Application of the Nordtest method for "real-time" uncertainty estimation of on-line field measurement.

Field sensor measurements are becoming more common for environmental monitoring. Solutions for enhancing reliability, i.e. knowledge of the measurement uncertainty of field measurements, are urgently needed. Real-time estimations of measurement uncertainty for field measurement have not previously been published, and in this paper, a novel approach to the automated turbidity measuring system with an application for "real-time" uncertainty estimation is outlined based on the Nordtest handbook's measurement uncertainty estimation principles. The term real-time is written in quotation marks, since the calculation of the uncertainty is carried out using a set of past measurement results.
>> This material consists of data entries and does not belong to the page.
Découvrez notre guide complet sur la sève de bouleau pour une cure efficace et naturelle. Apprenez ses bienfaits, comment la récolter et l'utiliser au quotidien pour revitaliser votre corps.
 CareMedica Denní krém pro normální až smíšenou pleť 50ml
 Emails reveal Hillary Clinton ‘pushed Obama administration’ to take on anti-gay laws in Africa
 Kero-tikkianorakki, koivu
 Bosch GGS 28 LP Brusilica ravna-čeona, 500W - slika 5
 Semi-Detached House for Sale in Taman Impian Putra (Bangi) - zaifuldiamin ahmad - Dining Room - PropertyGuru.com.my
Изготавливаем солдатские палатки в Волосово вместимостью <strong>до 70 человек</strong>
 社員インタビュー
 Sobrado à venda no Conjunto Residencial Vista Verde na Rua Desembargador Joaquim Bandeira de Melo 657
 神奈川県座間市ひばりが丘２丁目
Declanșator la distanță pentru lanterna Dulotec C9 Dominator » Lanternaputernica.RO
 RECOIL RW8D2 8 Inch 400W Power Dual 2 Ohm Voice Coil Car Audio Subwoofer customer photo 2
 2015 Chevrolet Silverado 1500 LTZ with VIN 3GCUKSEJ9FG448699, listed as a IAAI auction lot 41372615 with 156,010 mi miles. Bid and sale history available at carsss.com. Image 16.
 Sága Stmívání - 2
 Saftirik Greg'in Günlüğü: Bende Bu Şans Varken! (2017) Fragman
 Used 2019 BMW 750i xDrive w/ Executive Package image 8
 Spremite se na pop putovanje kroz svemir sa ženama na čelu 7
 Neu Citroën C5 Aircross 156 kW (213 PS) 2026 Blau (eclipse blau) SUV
There are two main requirements for the estimation of real-time measurement uncertainty of online field measurement described in this paper: (1) setting up an automated measuring system that can be (preferably remotely) controlled which measures the samples (water to be investigated as well as synthetic control samples) the way the user has programmed it and stores the results in a database, (2) setting up automated data processing (software) where the measurement uncertainty is calculated from the data produced by the automated measuring system. When control samples with a known value or concentration are measured regularly, any instrumental drift can be detected. An additional benefit is that small drift can be taken into account (in real-time) as a bias value in the measurement uncertainty calculation, and if the drift is high, the measurement results of the control samples can be used for real-time recalibration of the measuring device. The procedure described in this paper is not restricted to turbidity measurements, but it will enable measurement uncertainty estimation for any kind of automated measuring system that performs sequential measurements of routine samples and control samples/reference materials in a similar way as described in this paper.